Extremely Simple Out-of-distribution Detection for Audio-visual Generalized Zero-shot Learning
Yang Liu, Xun Zhang, Jiale Du, Xinbo Gao, Jungong Han
TL;DR
The paper addresses AV-GZSL bias by proposing EZ-AVOOD, an extremely simple OOD-detection framework that leverages class-specific logits and a class-agnostic residual subspace to separate seen from unseen samples without training a dedicated OOD detector. It uses a shared seen-classifier as the OOD detector and an adaptable unseen classifier (based on ClipClap) to realize robust GZSL performance, with the unseen pathway replaceable by other AV-GZSL methods. Experimental results on three audio-visual benchmarks show state-of-the-art harmonic mean and competitive ZSL scores, demonstrating strong cross-dataset effectiveness and practical compatibility. The method offers a lightweight yet powerful approach to mitigating domain shift in AV-GZSL, with clear guidance on hyperparameters and resilience to subspace dimension choices.
Abstract
Zero-shot Learning(ZSL) attains knowledge transfer from seen classes to unseen classes by exploring auxiliary category information, which is a promising yet difficult research topic. In this field, Audio-Visual Generalized Zero-Shot Learning~(AV-GZSL) has aroused researchers' great interest in which intricate relations within triple modalities~(audio, video, and natural language) render this task quite challenging but highly research-worthy.
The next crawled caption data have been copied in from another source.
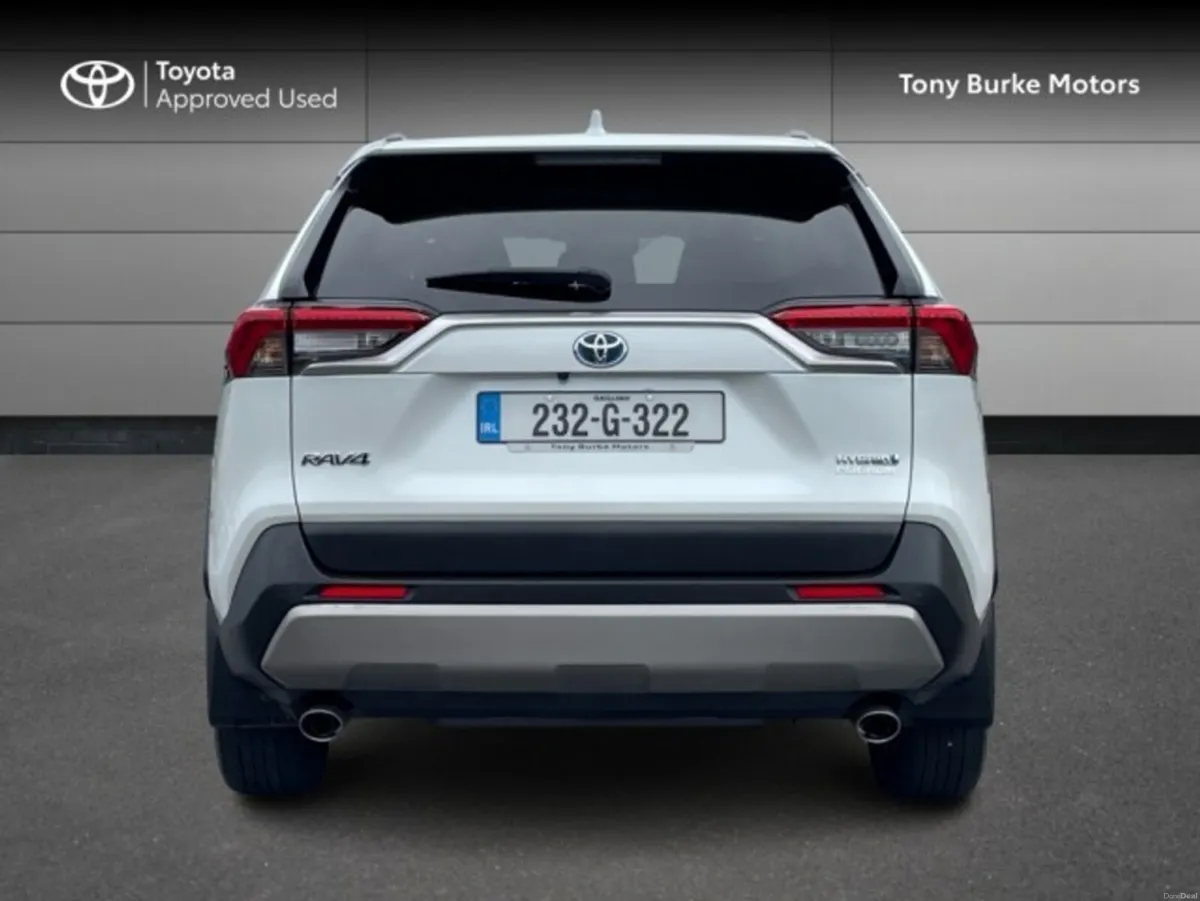 Toyota RAV4 - Platinum Edition - 2.5 Hybrid – - Image 5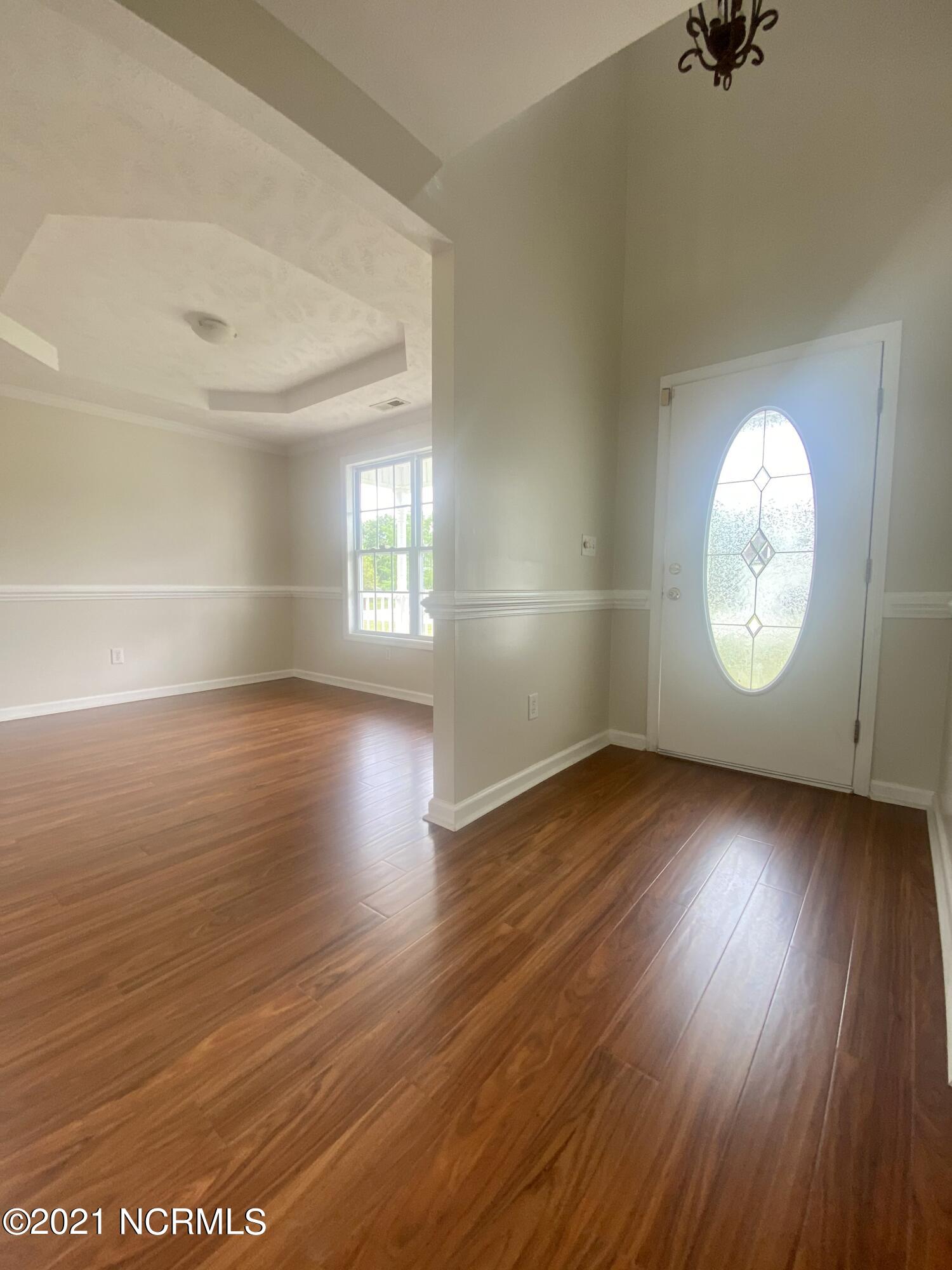 100545799 | Photo 28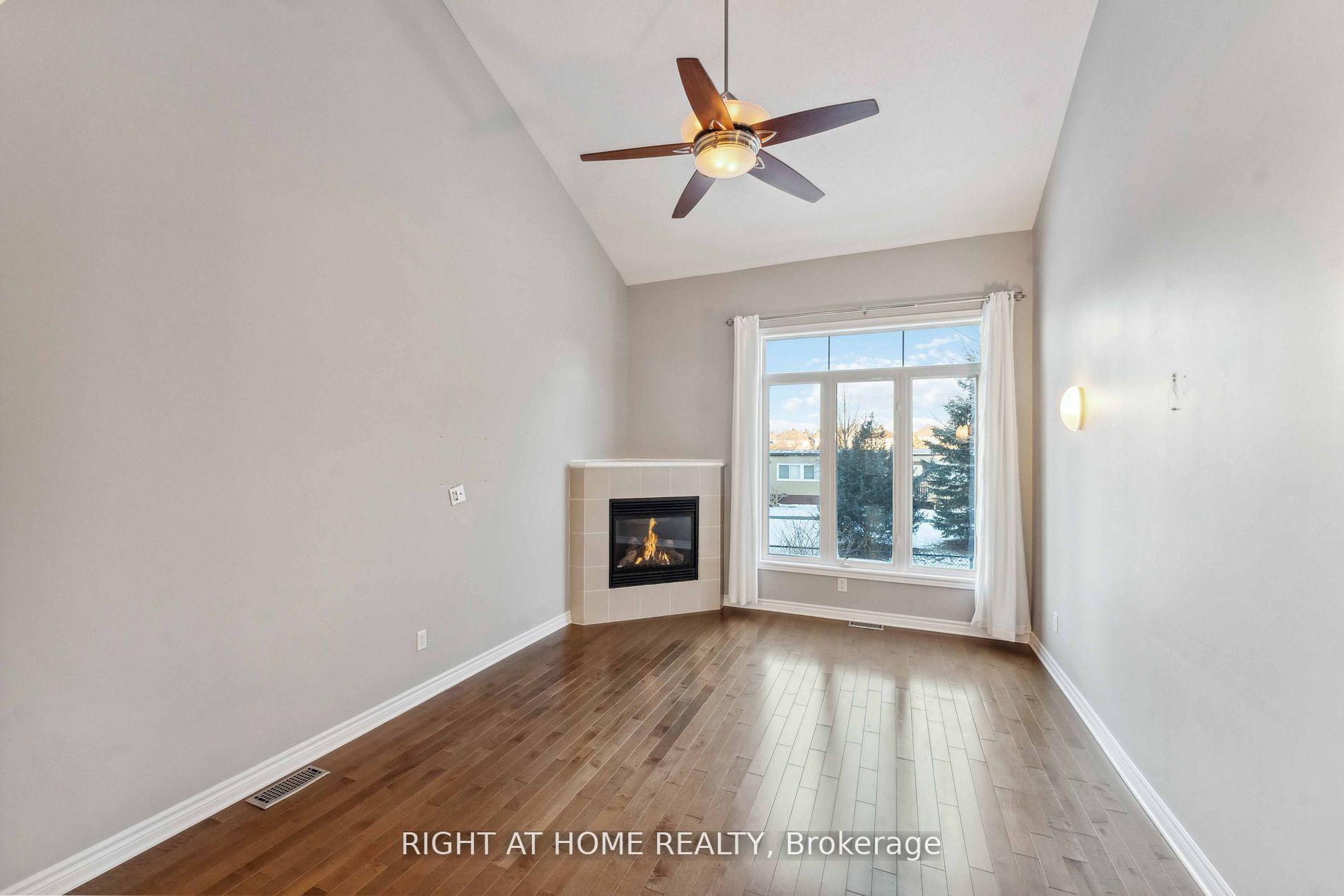 Photo 9 of 130 Tandalee Crescent, Ottawa, Kanata - Bridlewood — HOMEH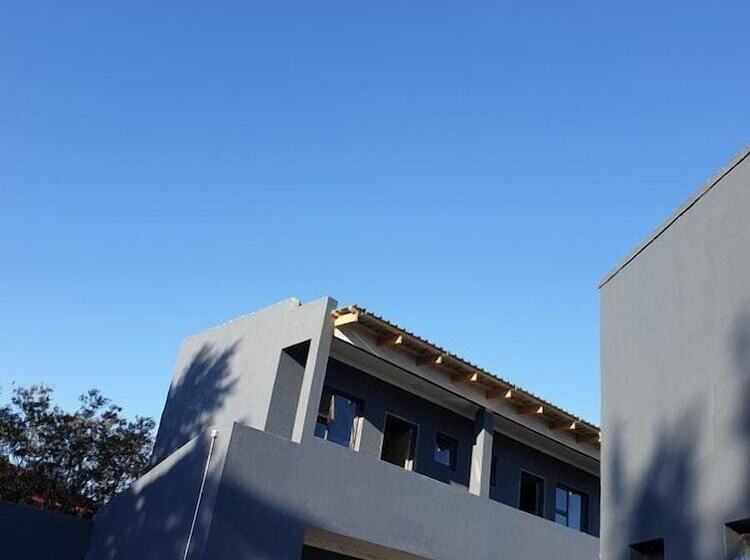 Пансион Platinum Germiston Ghouse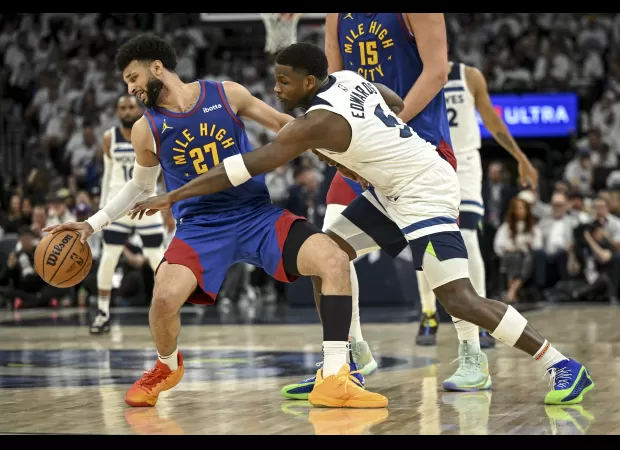 Nuggets dominate Timberwolves in game 3 with 117-90 win.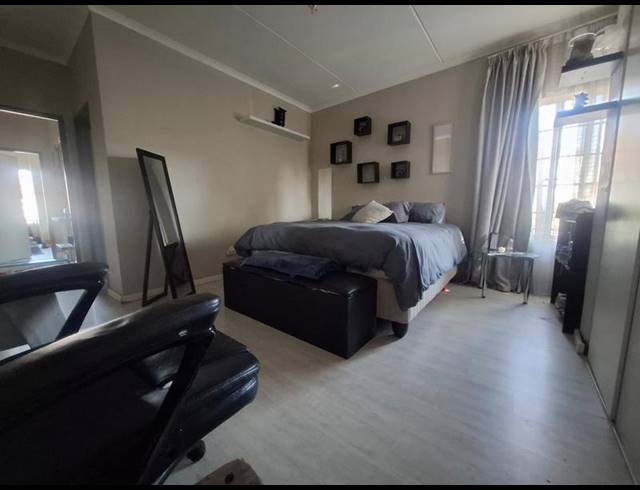 2 BEDROOM APARTMENT FOR SALE IN DOUGLASDALE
However, both existing embedding-based and generative-based AV-GZSL methods tend to suffer from domain shift problem a lot and we propose an extremely simple Out-of-distribution~(OOD) detection based AV-GZSL method~(EZ-AVOOD) to further mitigate bias problem by differentiating seen and unseen samples at the initial beginning. EZ-AVOOD accomplishes effective seen-unseen separation by exploiting the intrinsic discriminative information held in class-specific logits and class-agnostic feature subspace without training an extra OOD detector network. Followed by seen-unseen binary classification, we employ two expert models to classify seen samples and unseen samples separately. Compared to existing state-of-the-art methods, our model achieves superior ZSL and GZSL performances on three audio-visual datasets and becomes the new SOTA, which comprehensively demonstrates the effectiveness of the proposed EZ-AVOOD.